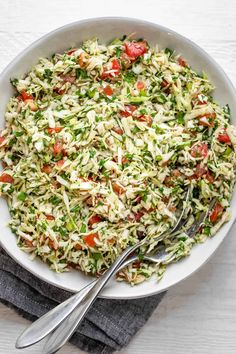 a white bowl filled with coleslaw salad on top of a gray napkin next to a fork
◆ ◆ ◆ ◆ ◆
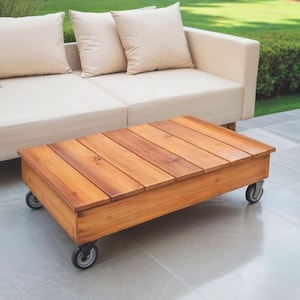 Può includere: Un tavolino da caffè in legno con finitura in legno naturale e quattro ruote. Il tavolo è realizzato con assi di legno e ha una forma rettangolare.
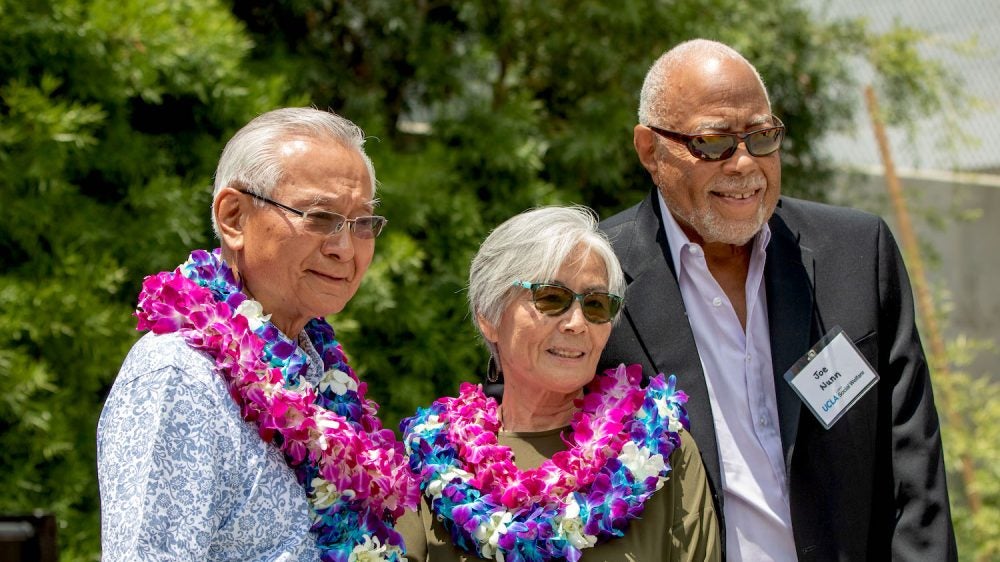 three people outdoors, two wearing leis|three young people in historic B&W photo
◆ ◆ ◆ ◆ ◆
• [Task to carry out]:
Using the material above, transcribe exactly the lines from the one holding "Può includere: Un" to the one holding "three people outdoors, two", both ends kept. Do not carry over any pictures.

• [Result below]:
 Può includere: Un tavolino da caffè in legno con finitura in legno naturale e quattro ruote. Il tavolo è realizzato con assi di legno e ha una forma rettangolare.
 three people outdoors, two wearing leis|three young people in historic B&W photo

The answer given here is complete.